Yesterday I made a case for authority among atheists and today I’m addressing ritual without religion.

In the big discussion about Greg Epstein’s humanist chaplains and the twitter forum on #humanistcommunity, PZ Myers claimed setting up atheist rituals that paralleled religious tradition was “a cheat and a waste.” At their essence, Myers claimed, ritual is just another world for “waste of effort, feel-good displacement activities that take the place of thought.”

It’s easy to think of fairly harmless secular rituals that might not meet with Myers’s ire. My technically-Jewish family still sticks by the highly traditional custom of going out to a movie and eating Chinese food on Christmas Day. Other deracinated rituals I can think of off the top of my head include graduation ceremonies and the recitation of entire Monty Python sketches.

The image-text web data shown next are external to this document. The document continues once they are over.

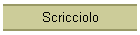 Scricciolo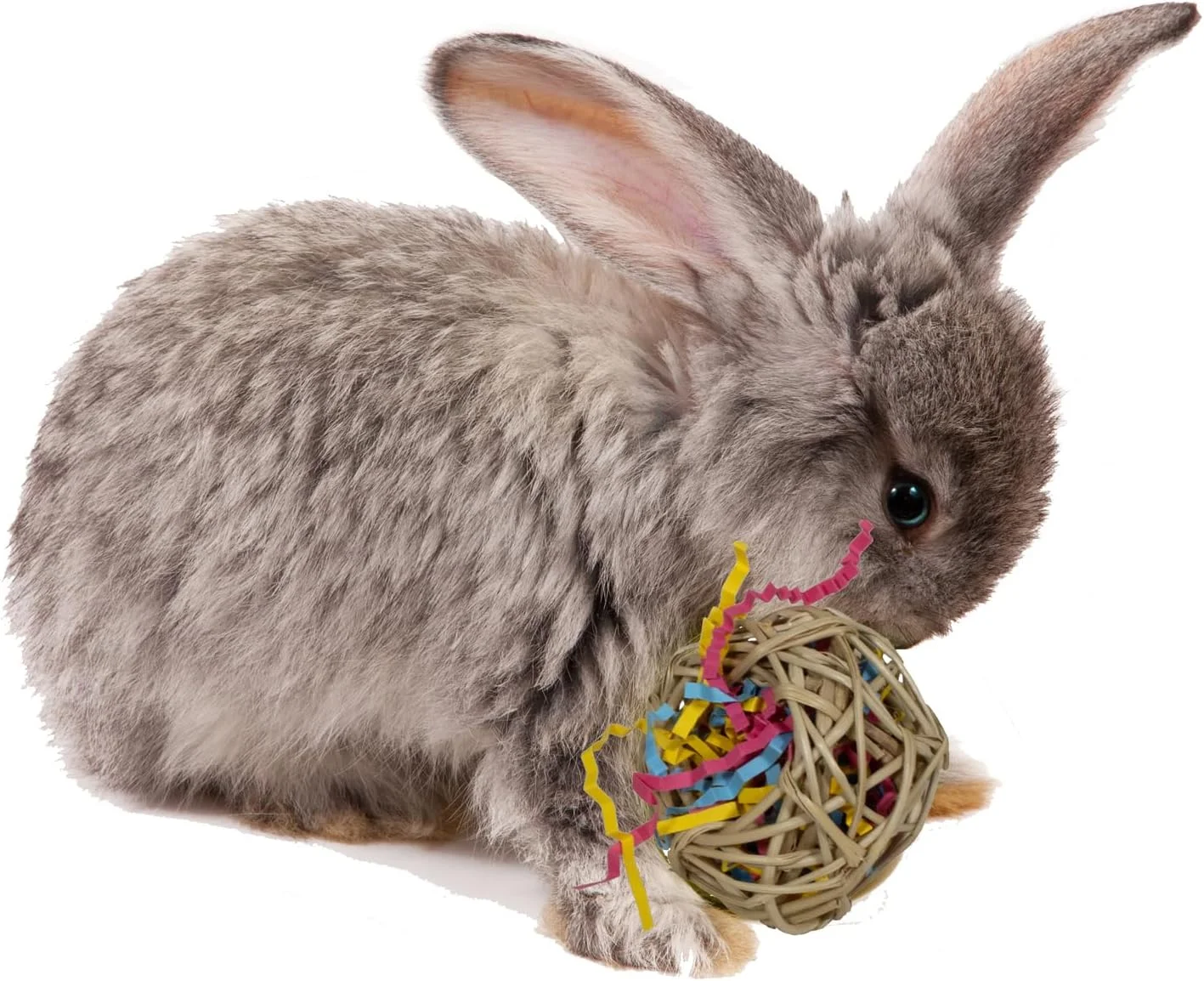 سبد جستجوی خرگوش Super Bird Creations SC228 - صفحه بامبو پرتاب کردنی و جویدنی با 25 اسباب بازی جذاب - ایده آل برای خرگوش ها، همسترها، رینگنک ها - بسته اسباب بازی برای پرندگان متوسط و حیوانات کوچک، 9 اینچ در 9 اینچ سبد جستجوی خرگوش Super Bird Creations SC228 - صفحه بامبو پرتاب کردنی و جویدنی با 25 اسباب بازی جذاب - ایده آل برای خرگوش ها، همسترها، رینگنک ها - بسته اسباب بازی برای پرندگان متوسط و حیوانات کوچک، 9 اینچ در 9 اینچ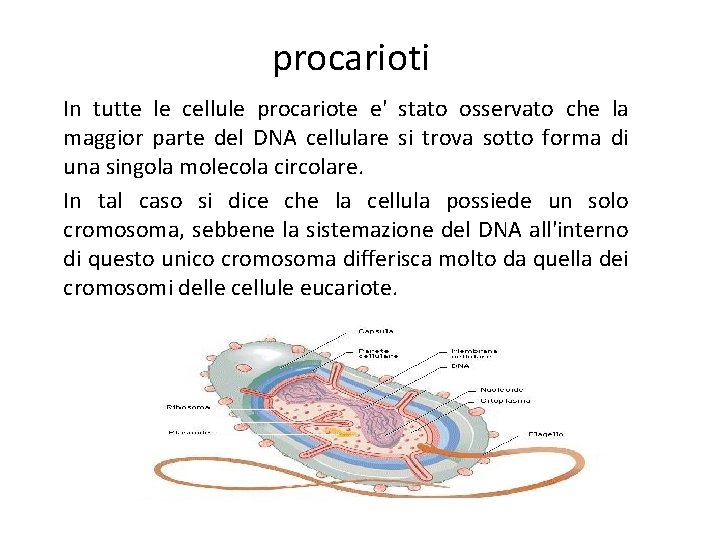 procarioti In tutte le cellule procariote e' stato osservato che la maggior parte del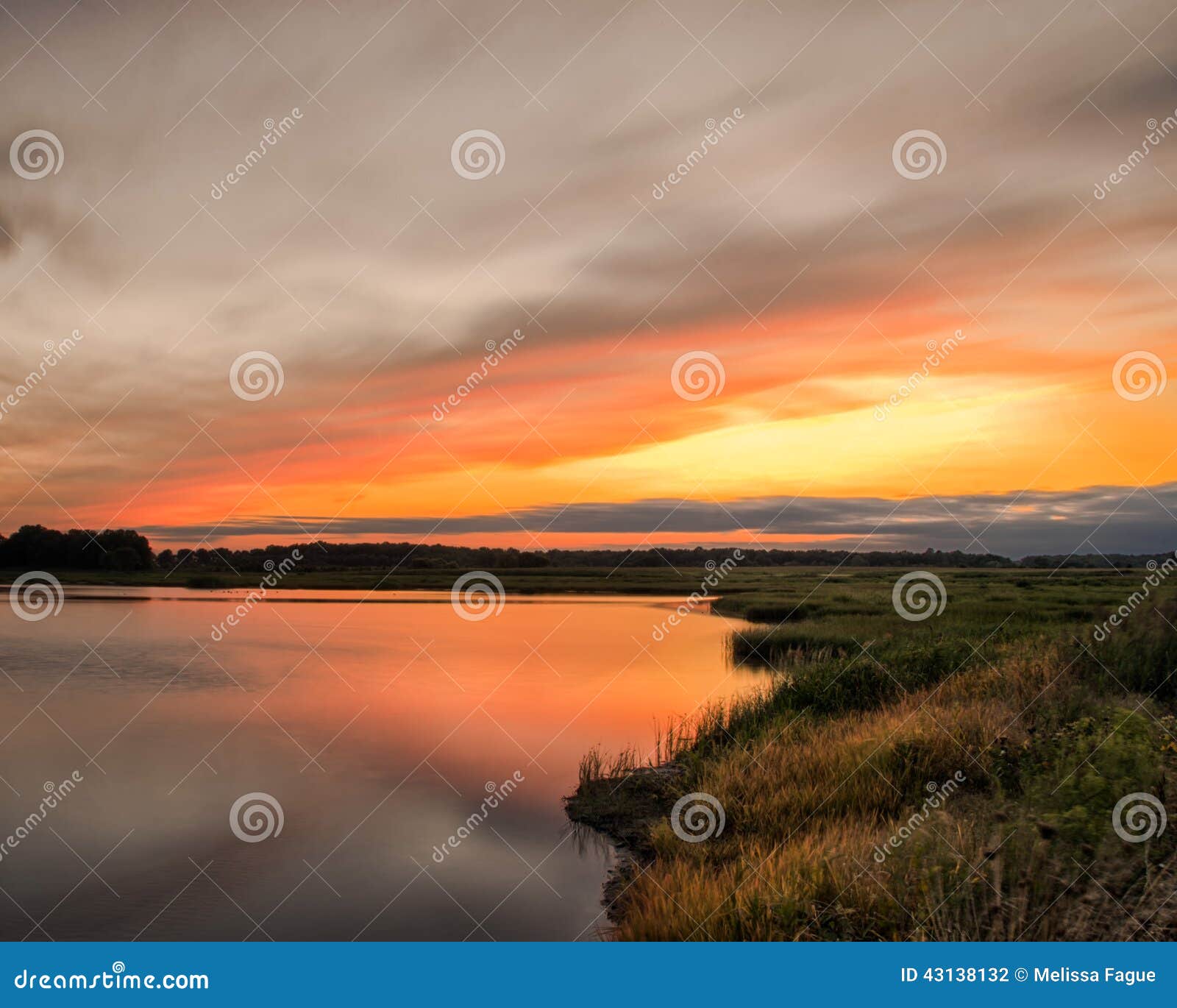 sunset over woodland marsh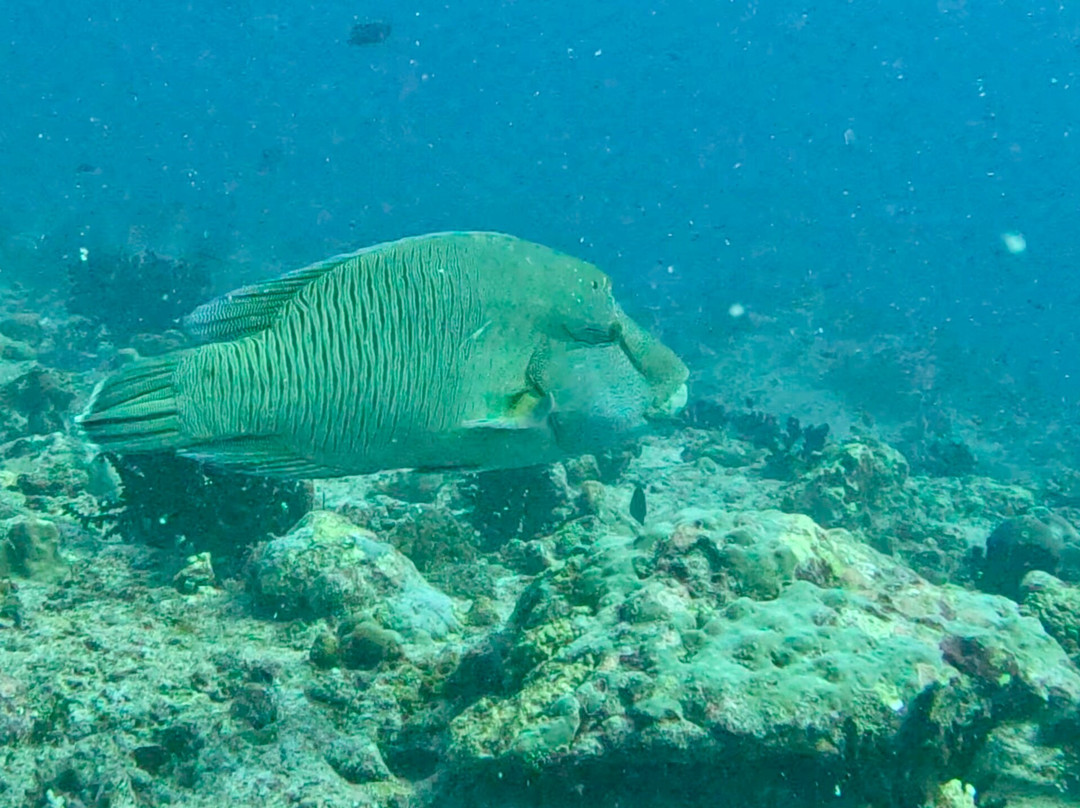 DivePoint Guraidhoo-康杜玛岛必去景点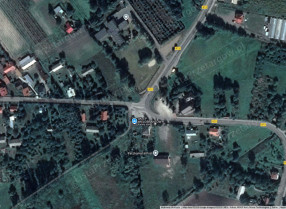 Image category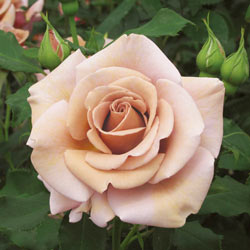 Koko Loko ™ Floribunda Rose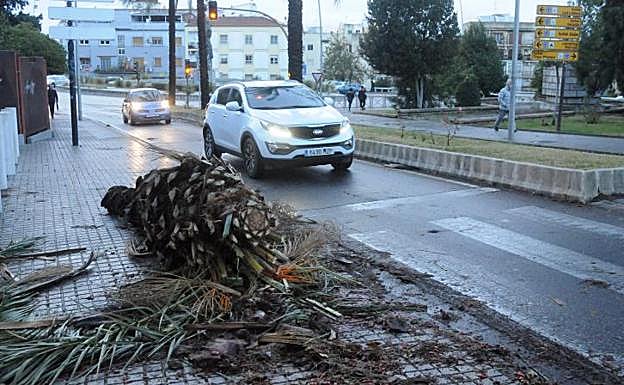 El fuerte viento derribó una palmera junto a la Casa del Mitreo, en Mérida:: BRÍGIDO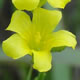 [photo of Grooved Yellow Flax]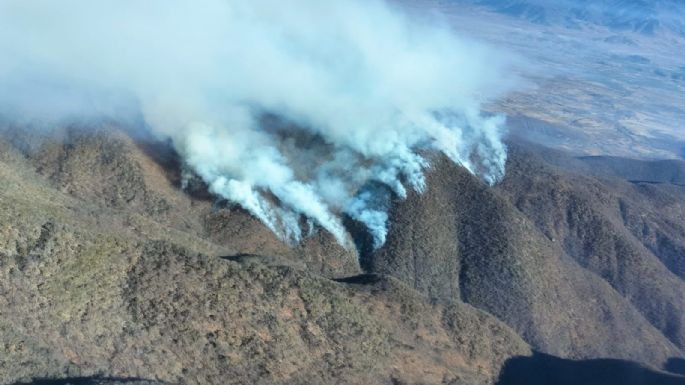 Gobierno de Oaxaca anuncia “plan emergente” tras incendio forestal que dejó cinco muertos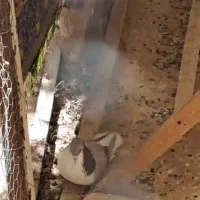 کبوتر پلاس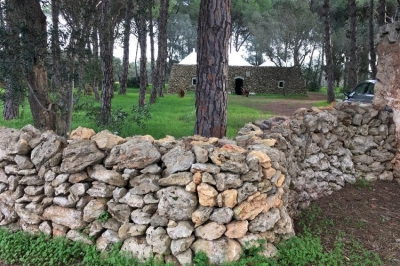 I muretti a secco che recingono il trullo di Petrelli, nel parco di S.Elia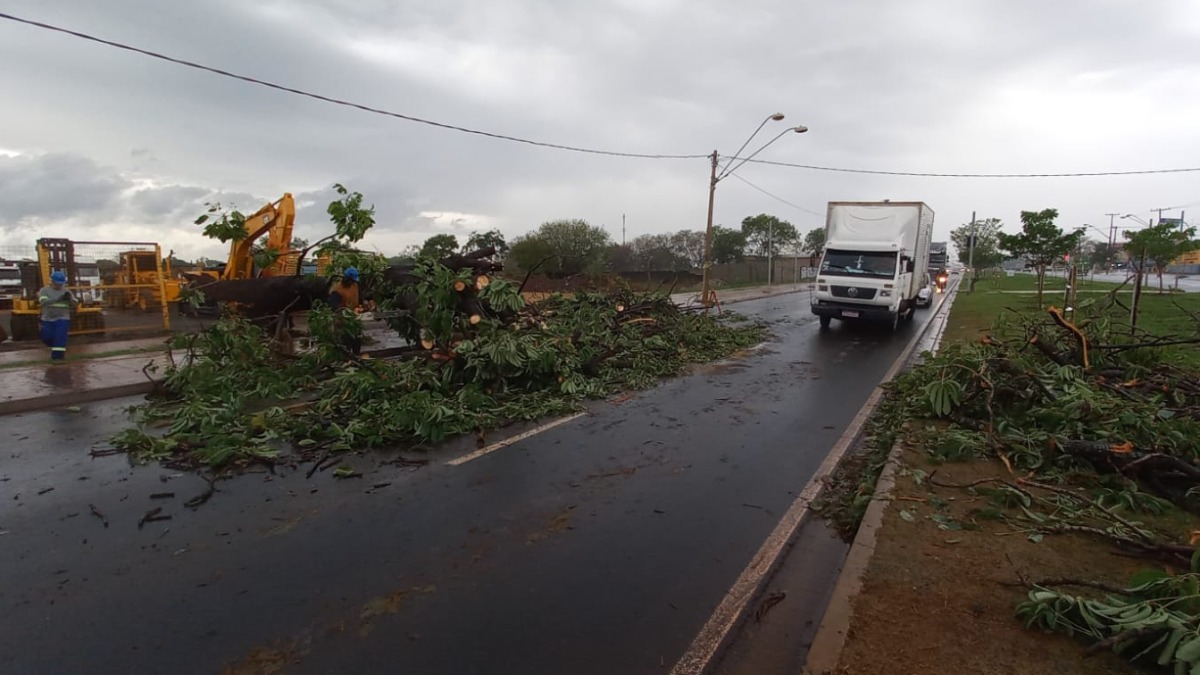 Avenida Thomaz Alberto Whately tem duas faixas interditadas para remoção de árvore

At their heart, these toothless rituals are jargon. They are enacted by members of some group and not by others. They may not be particularly emotionally resonant, but they are shorthand for some kind of community bond.

It’s the use of shorthand that I suspect puts Myers off. Compressing and ritualizing ideas can be a pretty good way to make us stop thinking critically about them. A person used to mouthing a prayer may not notice they no longer mean the words they’re used to saying. And, in the secular world, plenty of academic disciplines end up so turned in on themselves that they look more like performance art than scholarship.

But shorthand is too valuable to be cast off because it’s risky. If we’re all on the same page, it’s nice to be able to talk about ideas paying rent without having to summarize Yudkowsky’s formulation every time. That’s a convenience; ritual becomes a necessity when it’s a way of gesturing at ideas we don’t know how to express and formalize. I can reach for a parallel in literature when I don’t know how to work through a feeling on my own. When I want to comfort a friend, sending flowers, or some other ritualized act can express my empathy more effectively than an explicit declaration. And, for people who don’t have time to master every subject, shorthand can give them enough of a grasp of a difficult topic to get by.

But shorthand and abstraction don’t really capture all of what ritual is about. If regular old discourse is prose, ritual is poetry. It’s emotionally charged and cognitively sticky. So why should we want to imbue these inside jokes with content and emotional resonance? I’ll definitely concede to Myers that it will make it harder to abandon them.

But most of us aren’t striving for a world of detatchment. We’re going to become emotionally attached to something, we’ll decide some group memberships are essential parts of our identity. Shouldn’t the constraints we embrace be tied to some actual content? Embracing ritual means doubling down on the thought patterns/traditions/values you want to embody.

If you don’t have a philosophy/ethics/telos you feel comfortable turbocharging, get looking.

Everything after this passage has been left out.